This solution provides a multi-layered approach for protecting virtual machines (VMs) in Azure. Users need to connect to VMs for management and administrative purposes. It's critical to minimize the attack surface that connectivity creates.
This solution achieves non-persistent granular access to VMs by incorporating several protection mechanisms. It aligns with the principle of least privilege (PoLP) and the concept of separation of duties. To reduce exposure to attacks, this solution locks down inbound traffic to VMs, but it makes VM connections accessible when needed.

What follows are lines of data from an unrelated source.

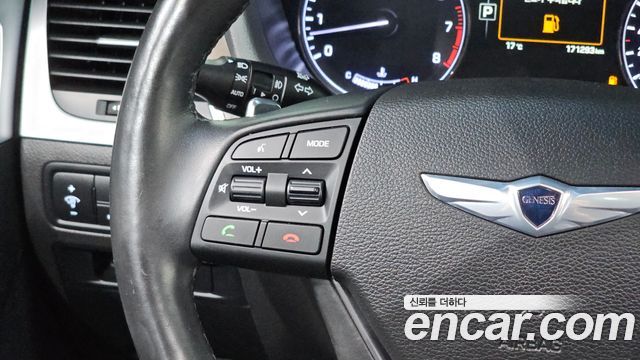 Hyundai Genesis 2015 — photo 21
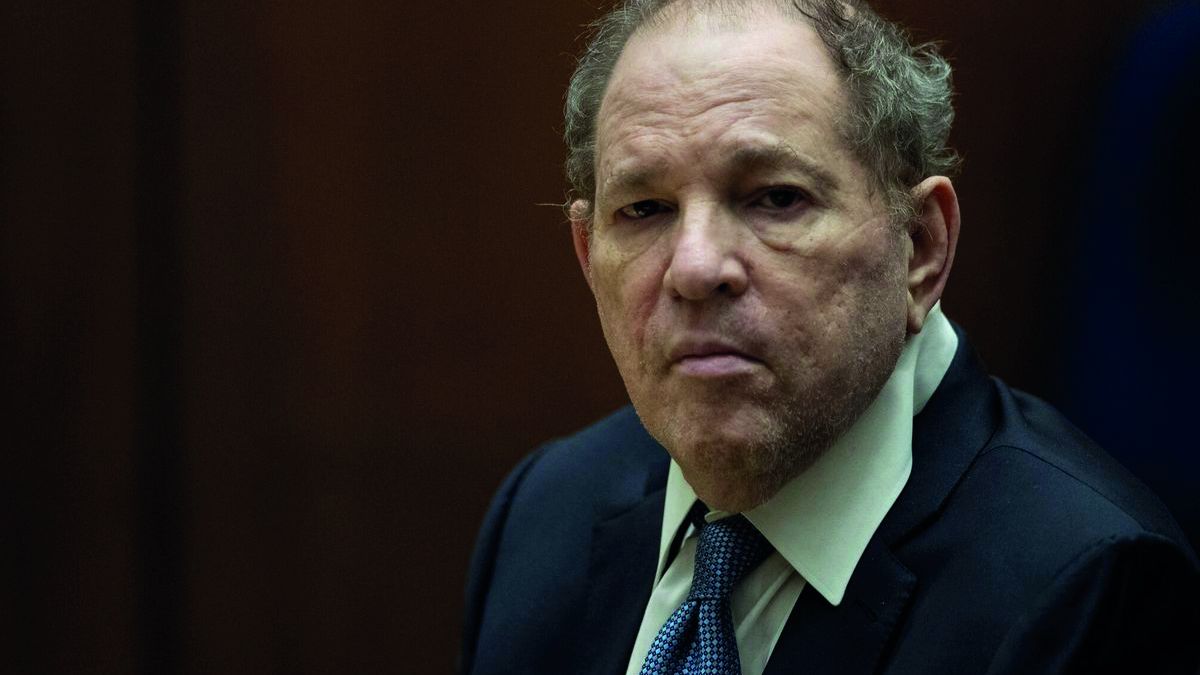 {altText(<p> Estados
Unidos: Harvey
Weinstein, quien fuera una figura dominante en
Hollywood y luego
personificó una cultura de abusos sexuales
generalizada de hombres
poderosos que encendió el movimiento #MeToo, fue
condenado el
jueves a 16 años de prisión por la violación de
una actriz en
2013. </p>,El mundo en imágenes: títulos internacionales de la semana)}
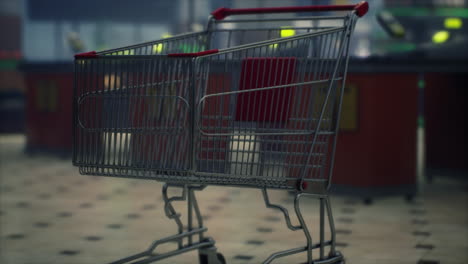 supermercado vacío cerrado debido a la epidemia de coronavirus covid-19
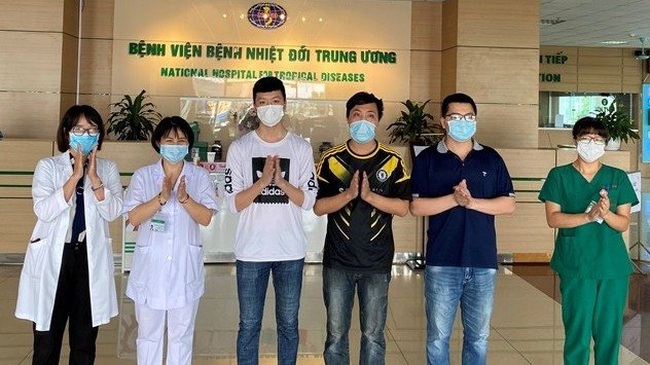 Three male COVID-19 patients were announced as recovered on the morning of June 5, 2020. (Photo: suckhoedoisong.vn)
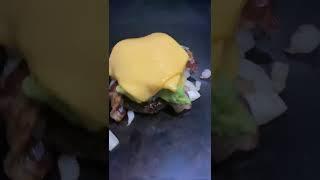 Cheese burger #shorts #subscribe #youtube #viral #youtuber #satisfying #like #new #cooking #food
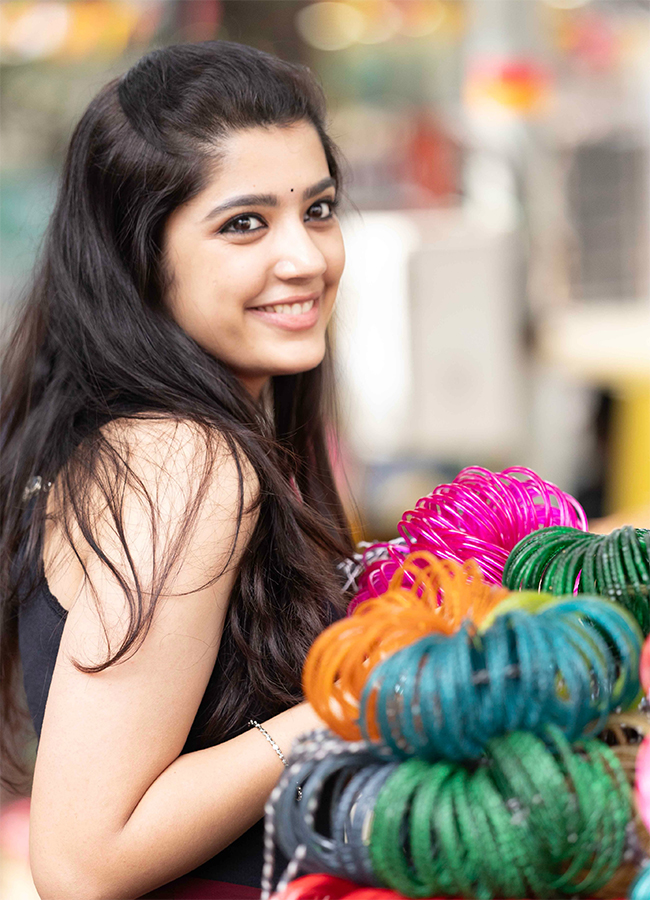 Actress Devika Bhatt Tollywood New Movie Viral Photos16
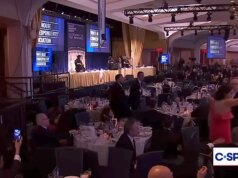 Homem que se tornou viral por permanecer sentado, comendo aperitivo enquanto o caos do jantar na Casa Branca se desenrolava fala abertamente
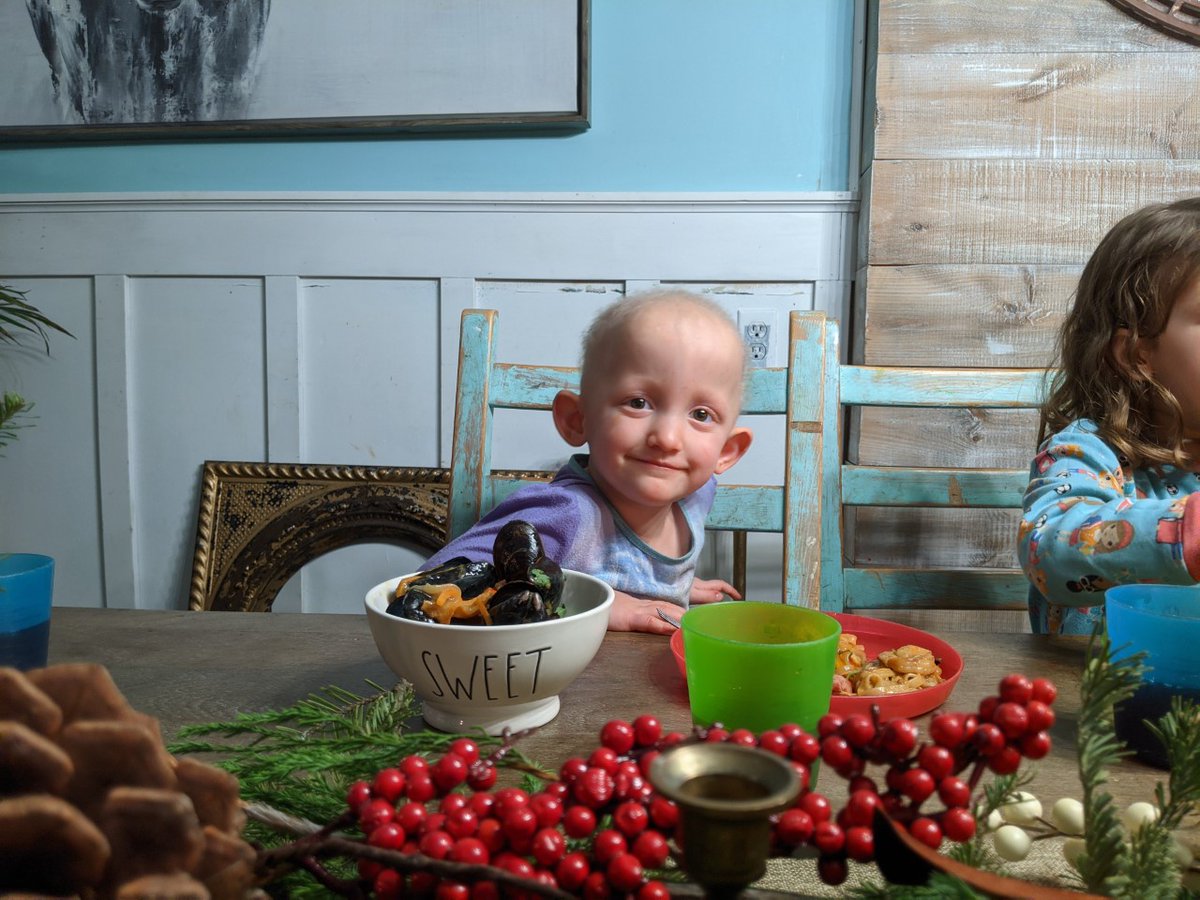 CHEO's tweet photo. #CHEO and @SickKidsNews are co-leading a pilot project to help #raredisease families, like Anna’s &amp; Isla’s, get answers faster! Using genome-wide sequencing, this project aims to get timely genetic diagnoses for Ontario families facing medical mysteries: https://t.co/9EoIPtLXC1 https://t.co/IvIyAItaEd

Implementing this type of protection minimizes the risk of many popular cyber-attacks on VMs, such as brute-force attacks and distributed denial-of-service (DDoS) attacks.
This solution uses many Azure services and features, including
Azure Active Directory (Azure AD) Privileged Identity Management (PIM).
The just-in-time (JIT) VM access feature of Microsoft Defender for Cloud.
Azure Bastion.
Azure role-based access control (Azure RBAC) custom roles.
Azure AD Conditional Access, optionally.
Use Cases
Defense in depth is the main idea behind this architecture. This strategy challenges users with several lines of defense before granting the users access to VMs. The goal is to ensure that :
Each user is legitimate.
Each user has legal intentions.
Communication is secure.
Access to VMs in Azure is only provided when needed.
The defence-in-depth strategy and the solution in this article apply to many scenarios:
An administrator needs to access an Azure VM under these circumstances:
The administrator needs to troubleshoot an issue, investigate behaviour, or apply a critical update.
The administrator uses Remote Desktop Protocol (RDP) to access a Windows VM or secure shell (SSH) to access a Linux VM.
The access should include the minimum number of permissions that the work requires.
The access should be valid for only a limited time.
After the access expires, the system should lock down the VM access to prevent malicious access attempts.
Employees need access to a remote workstation that's hosted in Azure as a VM. The following conditions apply:
The employees should access the VM only during work hours.
The security system should consider requests to access the VM outside work hours unnecessary and malicious.
Users would like to connect to Azure VM workloads. The system should approve connections that are only from managed and compliant devices.
A system has experienced a tremendous number of brute-force attacks:
These attacks have targeted Azure VMs on RDP and SSH ports 3389 and 22.
The attackers have tried to guess the credentials.
The solution should prevent access ports such as 3389 and 22 from being exposed to the internet or on-premises environments.
Architecture
Solution Components
This solution uses the following components:
Azure Virtual Machines is an infrastructure-as-a-service (IaaS) offer. You can use Virtual Machines to deploy on-demand, scalable computing resources. In production environments that use this solution, deploy your workloads on Azure VMs. Then, eliminate unnecessary exposure to your VMs and Azure assets.
Azure AD is a cloud-based identity service that controls access to Azure and other cloud apps.
PIM is an Azure AD service that manages, controls, and monitors access to important resources. In this solution, this service:
Limits permanent administrator access to standard and custom privileged roles.
Provides just-in-time identity-based access to custom roles.
JIT VM access is a feature of Defender for Cloud that provides just-in-time network-based access to VMs. This feature adds a deny rule to the Azure network security group that protects the VM network interface or the subnet that contains the VM network interface. That rule minimizes the attack surface of the VM by blocking unnecessary communication to the VM. When a user requests access to the VM, the service adds a temporary allow rule to the network security group. Because the allow rule has higher priority than the deny rule, the user can connect to the VM. Azure Bastion works best for connecting to the VM. However, the user can also use a direct RDP or SSH session.
Azure RBAC is an authorization system that provides fine-grained access management of Azure resources.
Azure RBAC custom roles provide a way to expand on Azure RBAC built-in roles. You can use them to assign permissions at levels that meet your organization's needs. These roles support PoLP. They grant only the permissions that a user needs for the user's purpose. To access a VM in this solution, the user gets permissions for:
Using Azure Bastion.
Requesting JIT VM access in Defender for Cloud.
Reading or listing VMs.
Azure AD Conditional Access is a tool that Azure AD uses to control access to resources. Conditional Access policies support the zero-trust security model. In this solution, the policies ensure that only authenticated users get access to Azure resources.
Azure Bastion provides secure and seamless RDP and SSH connectivity to VMs in a network. In this solution, Azure Bastion connects users who use Microsoft Edge or another internet browser for HTTPS or secured traffic on port 443. Azure Bastion sets up the RDP connection to the VM. RDP and SSH ports aren't exposed to the internet or the user's origin.